**EXERCISE MATERIALS**
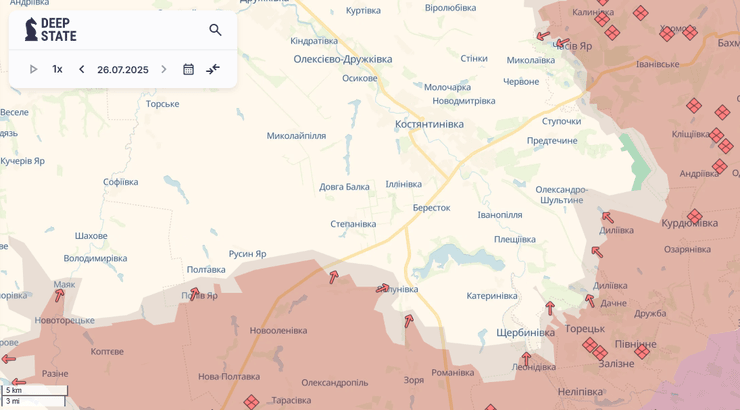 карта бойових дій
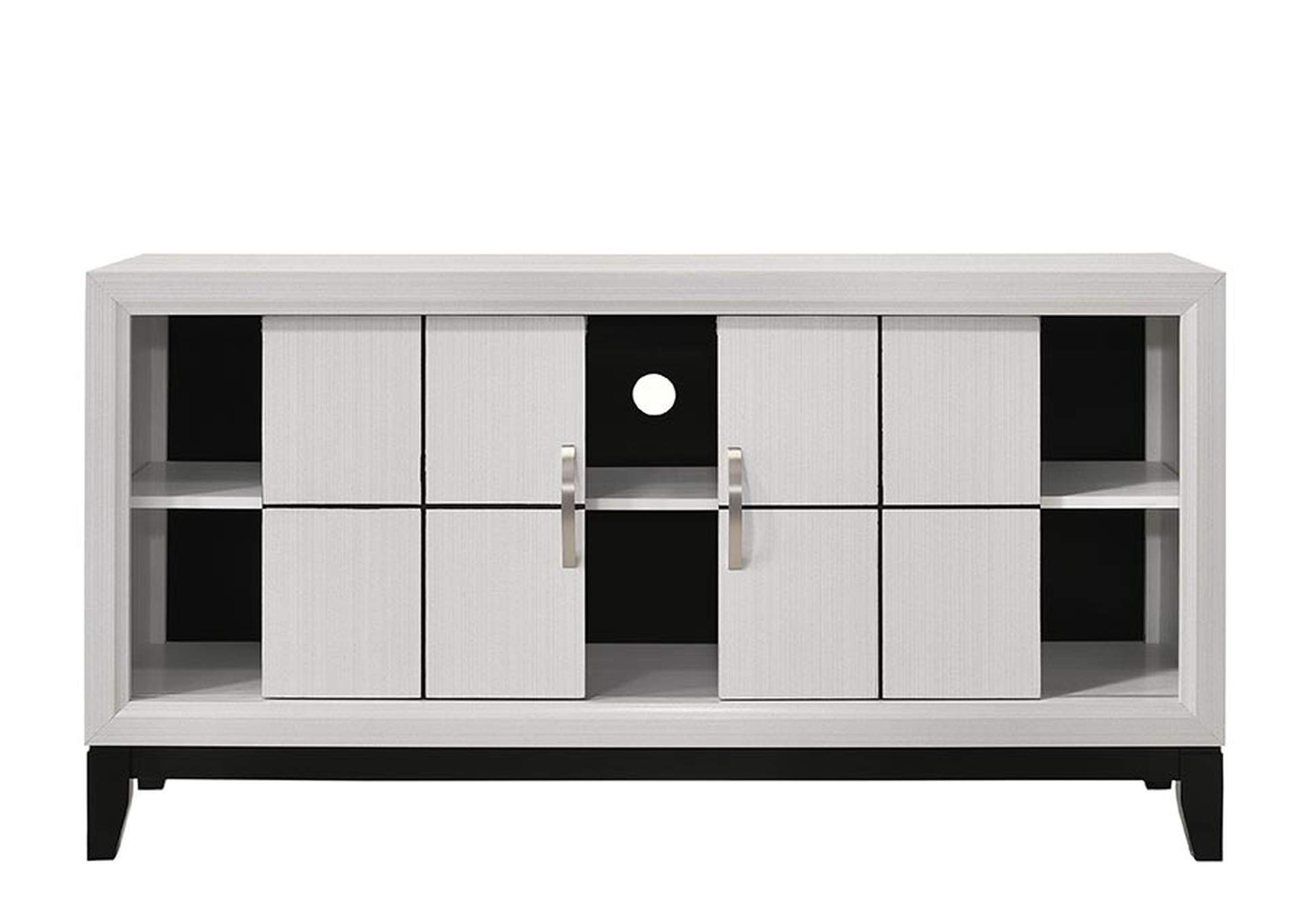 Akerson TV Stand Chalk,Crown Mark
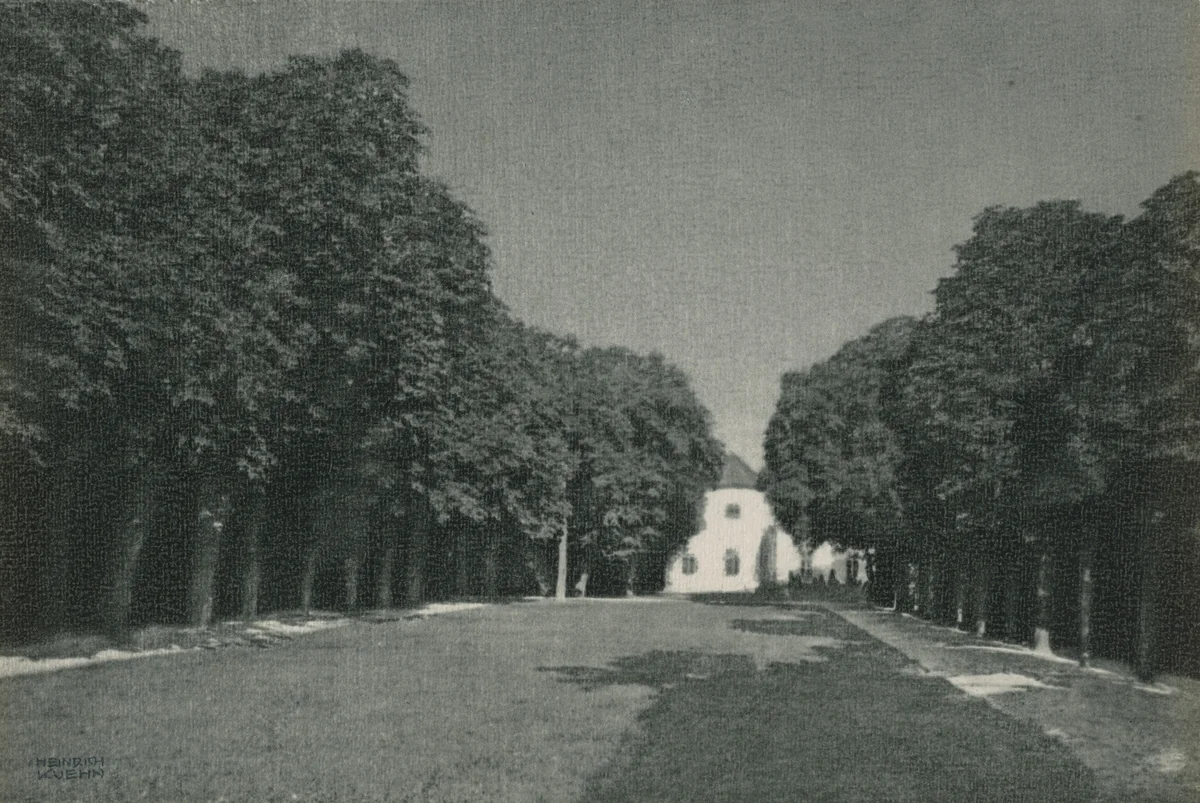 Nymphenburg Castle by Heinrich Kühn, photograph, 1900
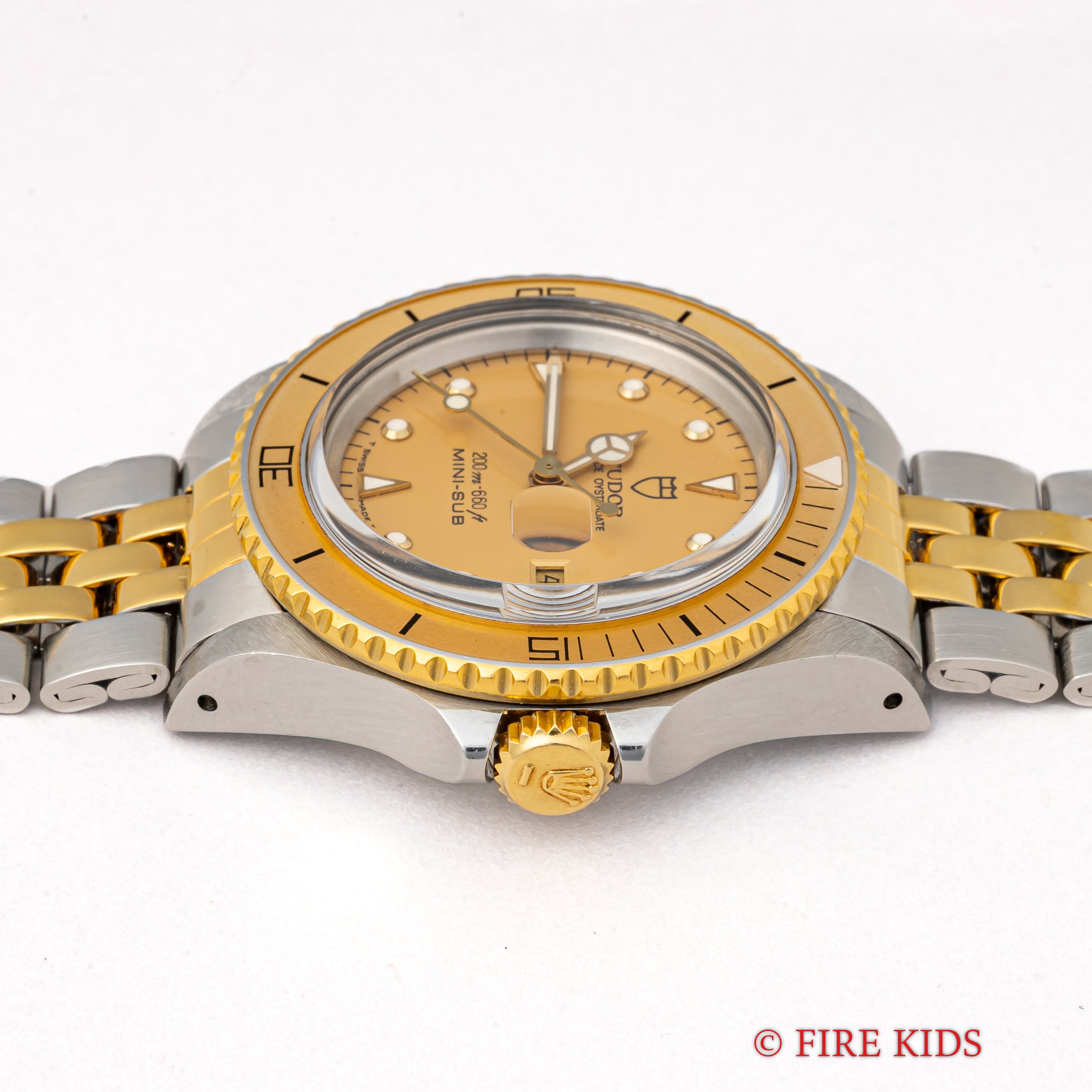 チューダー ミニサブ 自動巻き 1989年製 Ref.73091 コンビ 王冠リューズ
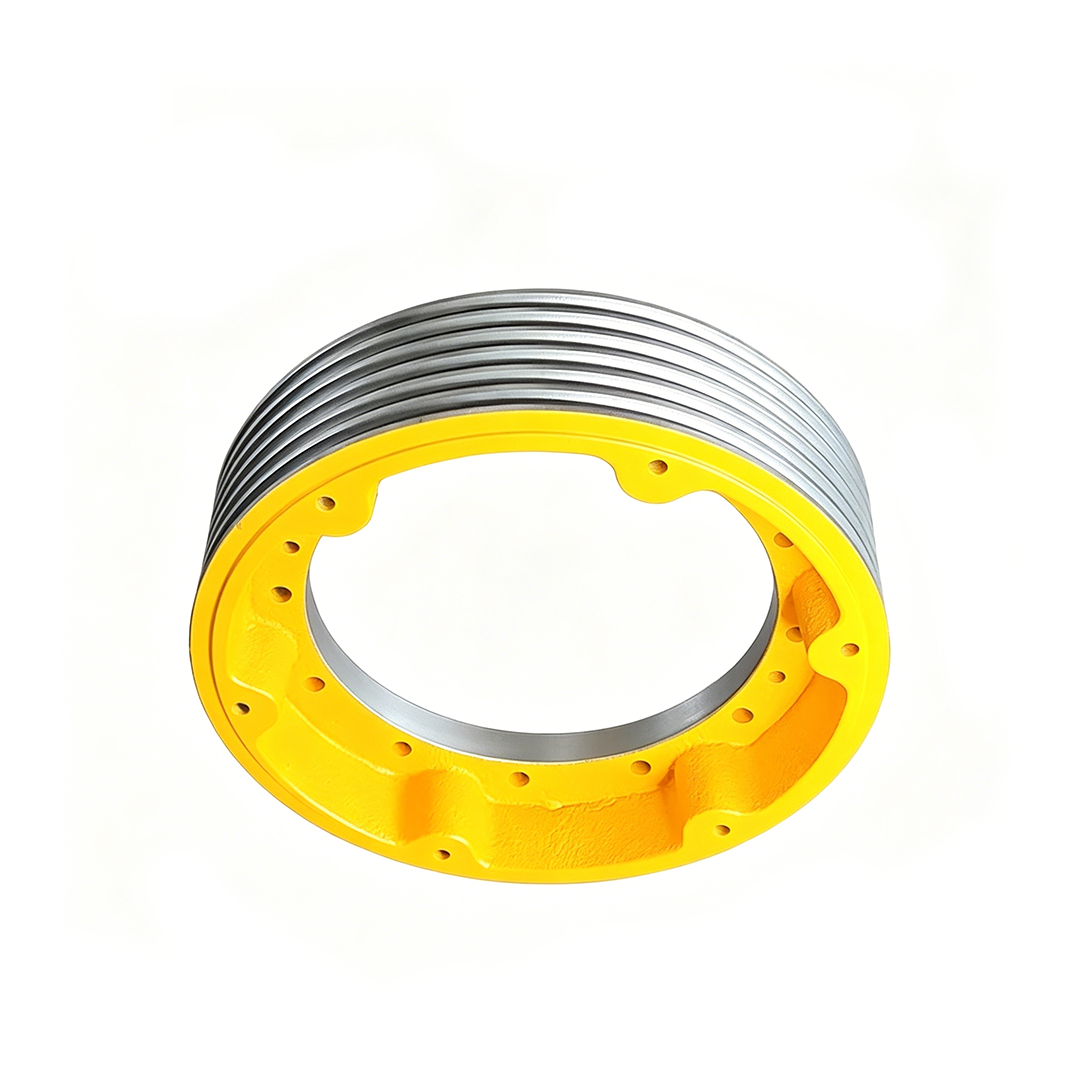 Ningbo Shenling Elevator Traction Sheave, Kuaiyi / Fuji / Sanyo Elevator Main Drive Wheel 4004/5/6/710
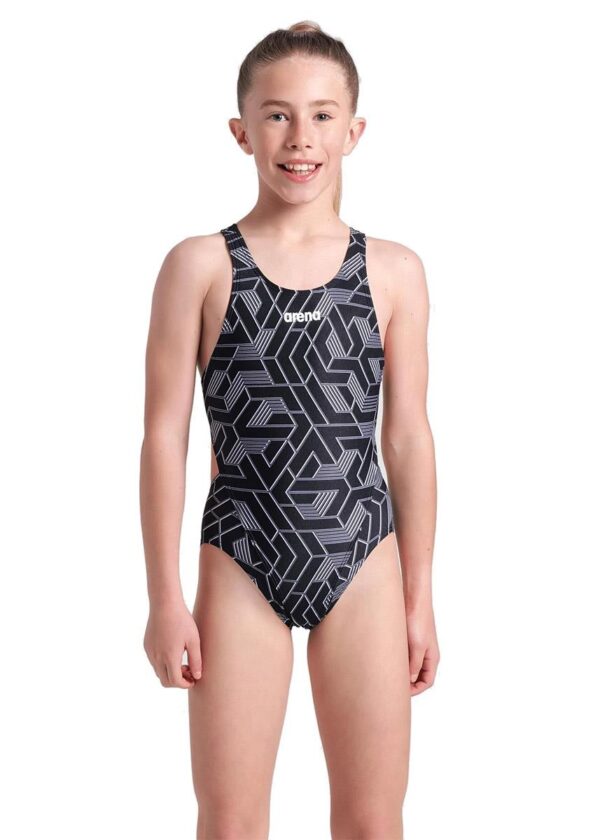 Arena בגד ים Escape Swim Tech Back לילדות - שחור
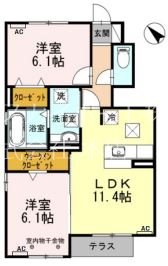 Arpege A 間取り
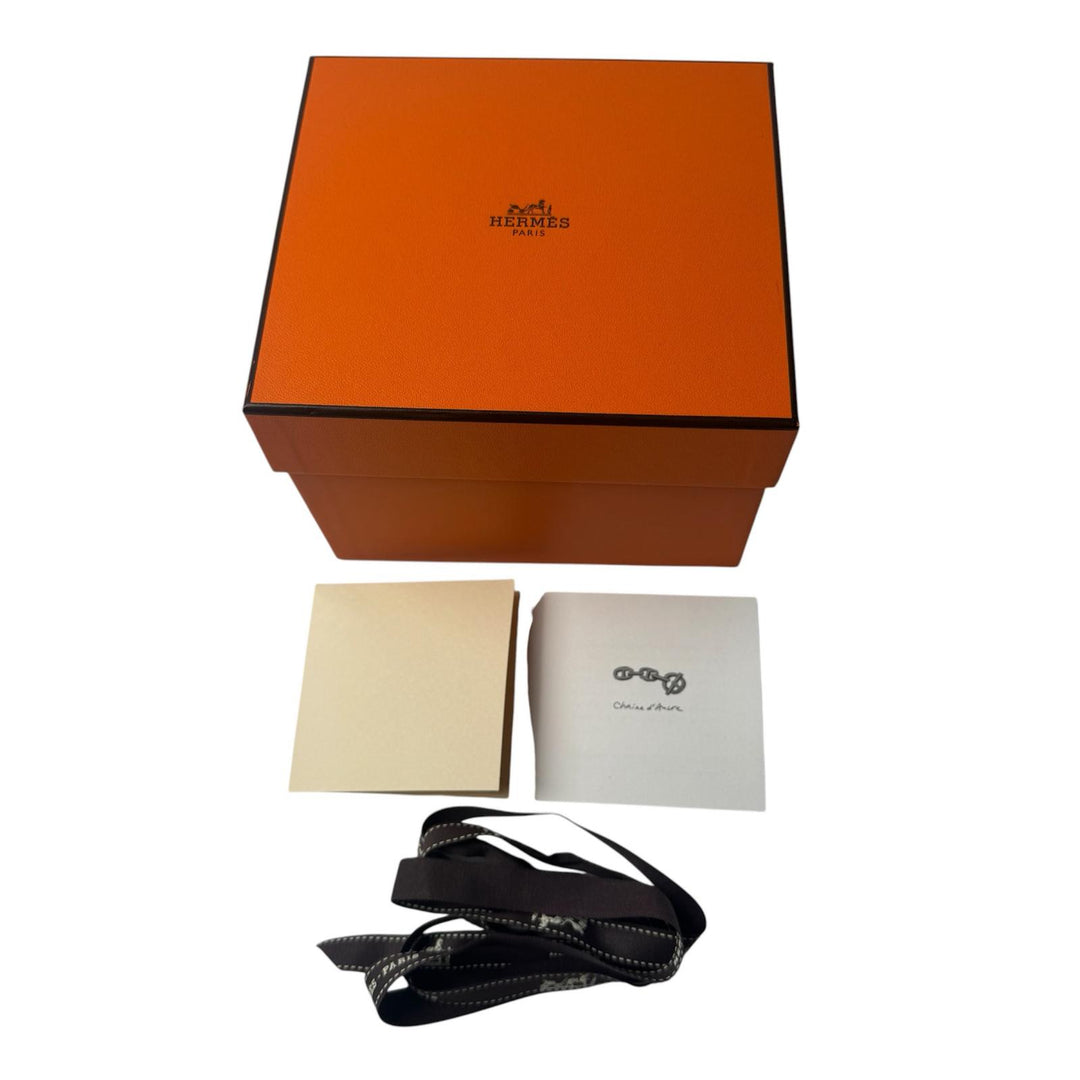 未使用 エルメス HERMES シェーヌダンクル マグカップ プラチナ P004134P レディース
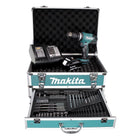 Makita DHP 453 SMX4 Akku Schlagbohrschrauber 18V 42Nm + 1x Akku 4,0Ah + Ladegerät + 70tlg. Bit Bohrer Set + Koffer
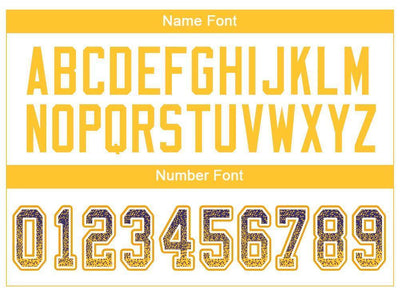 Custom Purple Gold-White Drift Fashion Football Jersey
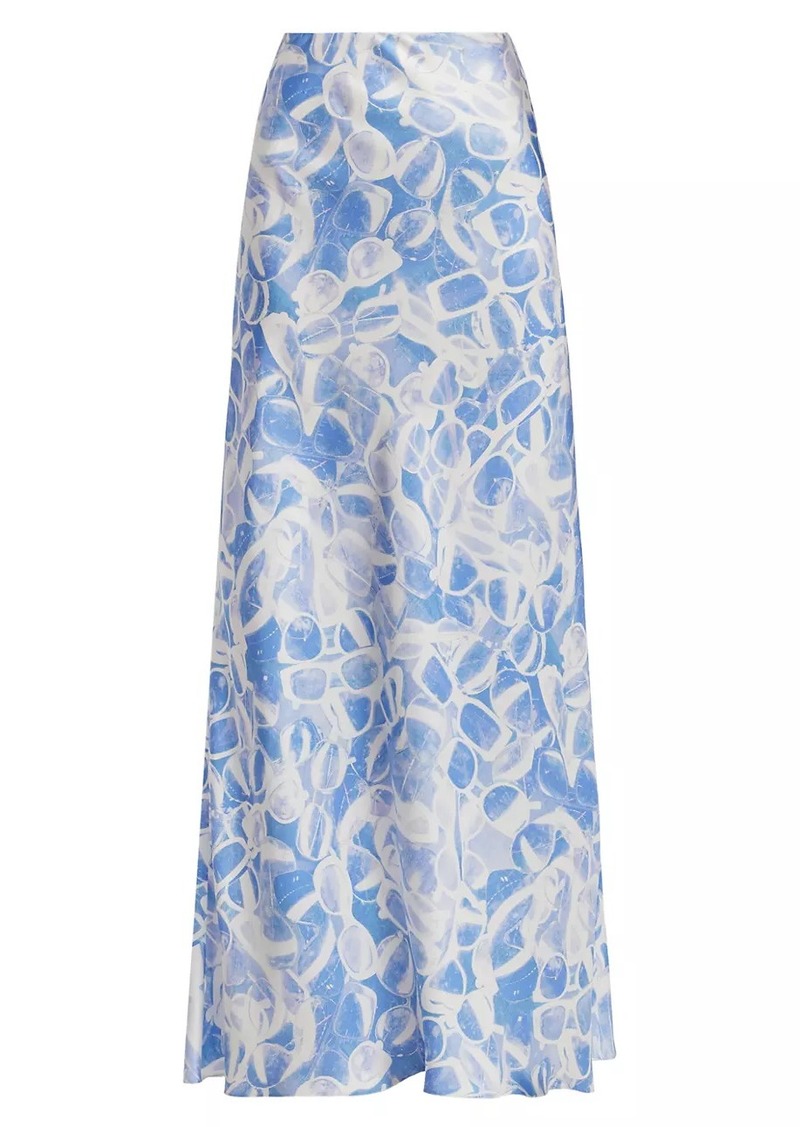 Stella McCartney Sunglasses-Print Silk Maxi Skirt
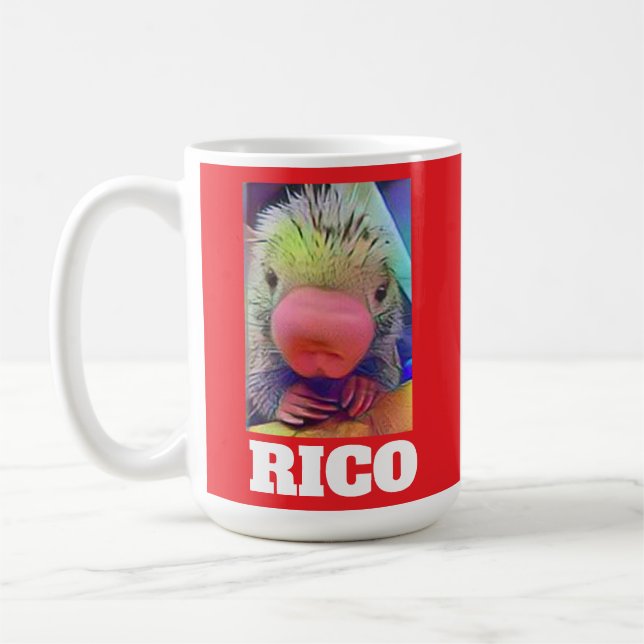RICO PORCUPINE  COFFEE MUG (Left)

**GOAL OF THE EXERCISE**
The lines to copy run from the one with "未使用 エルメス HERMES" through the end of the material. Write them out exactly, leaving out the pictures.

**FINISHED TASK**
 未使用 エルメス HERMES シェーヌダンクル マグカップ プラチナ P004134P レディース
 Makita DHP 453 SMX4 Akku Schlagbohrschrauber 18V 42Nm + 1x Akku 4,0Ah + Ladegerät + 70tlg. Bit Bohrer Set + Koffer
 Custom Purple Gold-White Drift Fashion Football Jersey
 Stella McCartney Sunglasses-Print Silk Maxi Skirt
RICO PORCUPINE  COFFEE MUG (Left)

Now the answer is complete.